UDI capture in EHRs is integral to postmarket surveillance, assessing quality
Medical device implantations are among the most frequent procedures performed in U.S. hospitals, according to statistics from the Agency for Healthcare Research and Quality.1 In 2009, there were 644,240 hospital stays involving cardiac stent procedures alone2 and more than 285,000 estimated total hip replacements.3 In recent years, medical devices have been associated with numerous high-profile recalls and safety problems.
Unfortunately, it can be difficult in the current healthcare system to find the specific make and model of implanted devices in patient records. As a result, clinicians, health systems, and even patients may not know essential details about the product. A UDI system will provide that critical information and serve as the cornerstone for significant improvements in medical device safety once it is widely adopted. The UDI system will benefit patients, clinicians, hospitals, and public health officials by:
- providing for more rapid identification of medical devices associated with adverse events;
- assisting with prompt and efficient resolution of device recalls;
- delivering an easily accessible source of definitive device identification; and
- increasing health savings through a more accurate accounting of the devices used.

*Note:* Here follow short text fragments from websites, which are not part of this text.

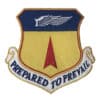 PREPARED TO PREVAIL 36th Wing Patch – Plastic Backing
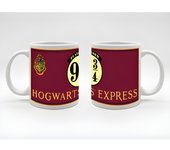 Taza last level harry potter hogwarts express
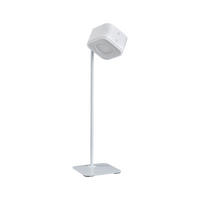 AKKU-TISCHLEUCHTE Varia Magnetic   - Weiß, Basics, Kunststoff/Metall (11,0/37,2/13,8cm) - Paulmann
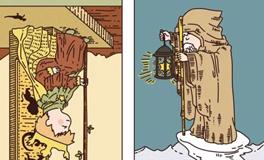 Pandora占星小巫巨蟹座一周塔罗运势（7.21-7.27）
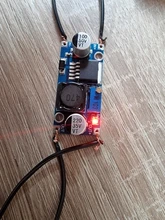 DC Converter Voltage-Regulator Power-Supply Down-Module Step LM2596 Adjustable Unids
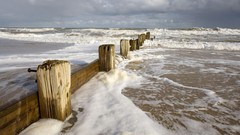 Landscapes sand Beaches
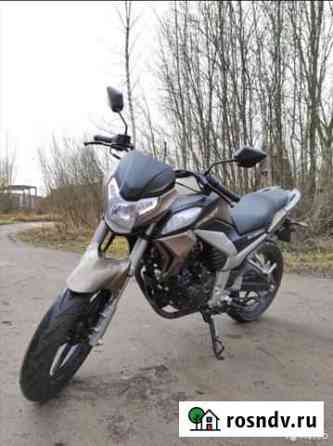 Мотоцикл Racer rc250ck-n Демянск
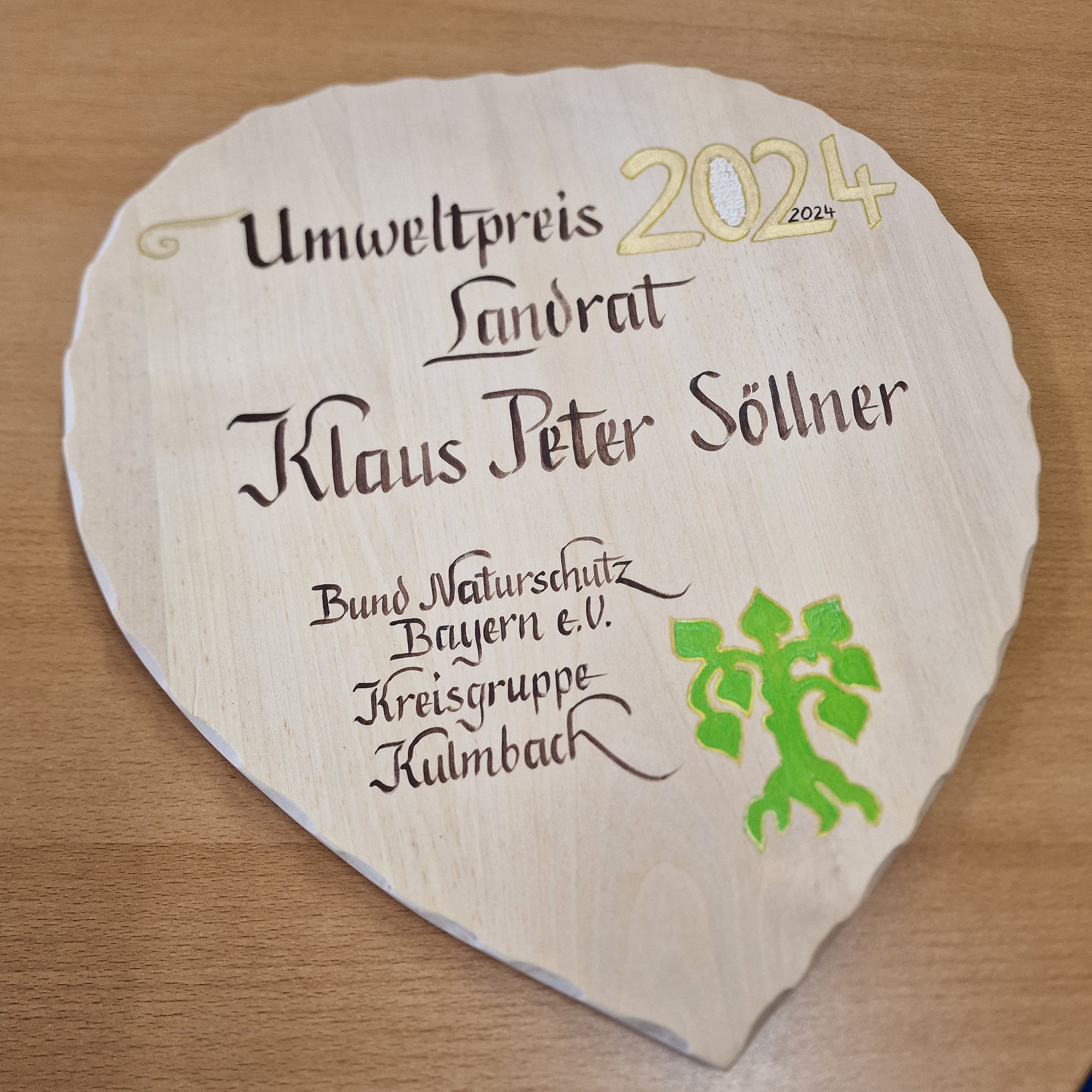 Umweltpreis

The Meaningful Use Workgroup should propose a new core meaningful use objective
A core meaningful use objective to support the capture of UDIs for implanted devices meets the three high-level benefits laid out by the Office of the National Coordinator for Health Information Technology:
- Complete and accurate information: UDIs will correlate with critical information on products often not captured in patient records.
- Better access to information: The UDI capture in EHRs will enable clinicians to identify device problems early and facilitate care coordination, especially for patients who see multiple providers.
- Patient empowerment: UDI documentation in EHRs will provide an accessible data source for patients to take an active role submitting more precise adverse event reports and tracking product performance.
We propose this objective for hospitals where the medical device implantation occurs at the time of the procedure. The focus on implanted medical devices is appropriate since it is a clearly defined set of products, they are not visible to the human eye once implanted, and they have been associated with significant adverse events and costs.
Realizing the full benefits of a UDI system requires that these identifiers are regularly included in electronic health information. Infrequent and inconsistent UDI capture would decrease the ability of the healthcare system to ensure safety and quality. Therefore, we strongly urge the Meaningful Use Workgroup to seize this opportunity to develop a new core meaningful use objective that would ensure sufficient capture of UDIs for implanted devices.
Should you have any questions or if we can be of assistance, please contact Josh Rising, director of medical devices at The Pew Charitable Trusts, at 202-540-6761 or email@example.com.
Josh Rising, MD
The Pew Charitable Trusts
1 Pfuntner, Anne, Lauren M. Wier, and Carol Stocks. Statistical Brief #149: Most Frequent Procedures Performed in
U.S. Hospitals, 2010. U.S. Agency for Healthcare Research and Quality. February 2013.
2 Auerbach, David, Jared Lane Maeda, and Claudia Steiner. Statistical Brief #128: Hospital Stays with Cardiac Stents, 2009. Agency for Healthcare Research and Quality. April 2012.